After analyzing hundreds of programs, Extole has created a formula for Acquisition Rate, a rate that can provide a single measurement to quickly understand the efficiency of your program. Acquisition Rate measures the rate at which new customers are created from advocates, and is a rate that measures the odds that a share will result in a transaction. It is a great measure of the overall effectiveness of the friend funnel, and a gauge to see, at a glance, the effectiveness of the program for advocates who have started sharing.
Acquisition Rate = (transactors/advocates) * 100
We use the term "transactor" for every unique person who transacts/converts in the specified period. In your program, the desired outcome may be a download, a booking, or a registration. Whichever event we reward will be the numerator β you know, the top number in the fraction!

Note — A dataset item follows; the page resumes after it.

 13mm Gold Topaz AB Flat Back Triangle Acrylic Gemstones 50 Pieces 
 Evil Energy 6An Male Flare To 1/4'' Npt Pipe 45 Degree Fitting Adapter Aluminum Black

You can read this formula as, "In a given time period, for every 100 people who advocate, I expect X unique referred friends to transact", where X is your Acquisition Rate. Again, a "transaction" is dependent on your program flow. Common transactions include conversions and registrations. If you have a Acquisition Rate of 16, for example, that means that for every 100 advocates who share, you can expect 16 unique referred friends to transact. We only count each person once, so if you have two transaction events (like registration and purchase), this will not affect your Acquisition Rate.
What does a high Acquisition Rate mean?
A high Acquisition Rate means:
you have a product that people love
your incentive motivates conversions
your friend experience is solid
Most importantly, if you have a strong Acquisition Rate then most of your time can be spent promoting the program so that more of your customer base and your enthusiasts are aware of the program and will start sharing.
Imagine building a machine to turn wheat into bread. If the machine takes an enormous amount of wheat to make a little bit of bread, then you should focus on improving its design so you get more bread from the same amount of wheat. However, once the machine is efficient, then you can produce the most bread by adding more wheat.
The same philosophy works for your referral experience (the machine) and your customers (the wheat). The referral experience should be tuned so that it produces strong value out of each share. Once the experience is efficient, then the key goal is to generate more shares.